Evaluation of asynchronous geiger-mode avalanche photodiode arrays for deep-space optical communications

Abstract

The NASA Psyche mission is set to explore an asteroid located between Mars and Jupiter with a launch date in 2022. Onboard the Psyche spacecraft is experimental demonstrator technology that will allow scientists to explore the capabilities of optical communications – a program called Deep Space Optical Communication (DSOC) led by Jet Propulsion Laboratory (JPL). DSOC seeks to improve communications performance by developing a space-based Flight Laser Transceiver (FLT) and a ground-based transceiver to enable photon-efficient communications with equipment in deep space. An integral part to this FLT system is a high-efficiency photon-counting camera (PCC) that is able to detect both the 1064nm uplink/beacon laser photons and 1550nm downlink laser photons with low background noise, and is capable of withstanding the rigors of space-travel.
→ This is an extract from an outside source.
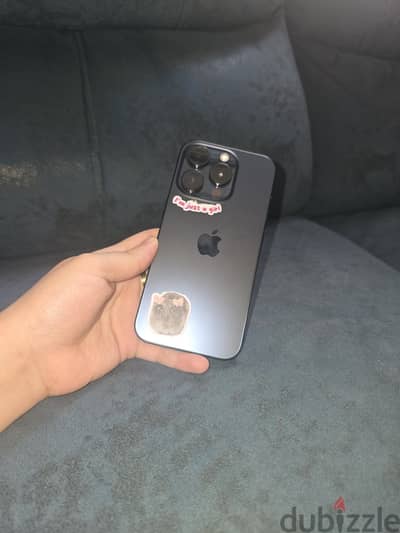 iPhone 15 pro 128 battery 88%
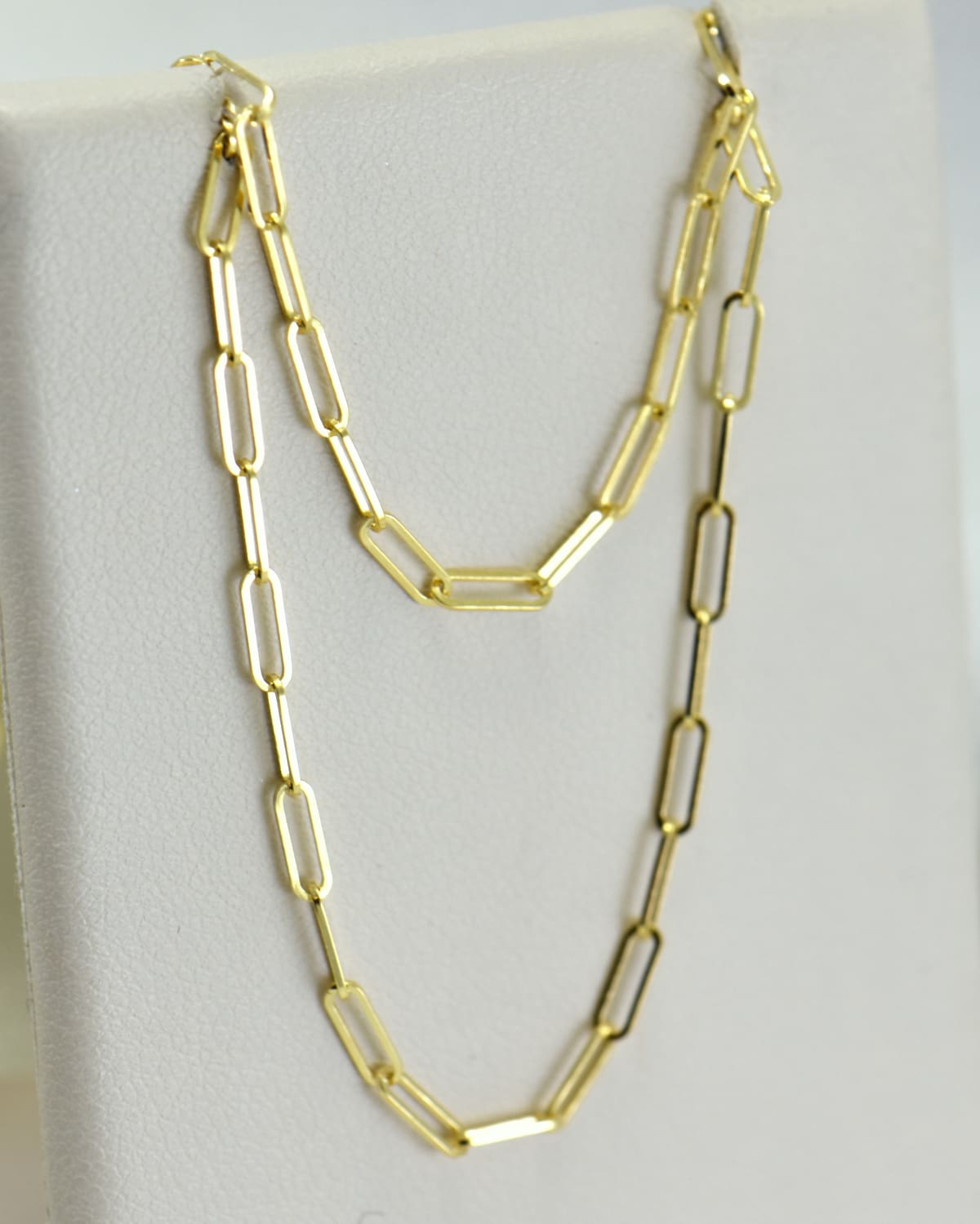 14K Yellow Gold Paperclip Link Chain Necklace 16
The paper details the characterization of several asynchronous Geiger-Mode Avalanche Photodiode (GmAPD) arrays developed by MIT Lincoln Laboratory for use in the PCC- specifically evaluating the temperature dependence of background noise, photon detection efficiency at 1064nm and 1550nm wavelengths, pixel lifetime testing, and angle of acceptance measurements. The results of this characterization are used to determine the nominal conditions for the device to operate in while in flight to maintain an efficient link with the ground-based transceiver.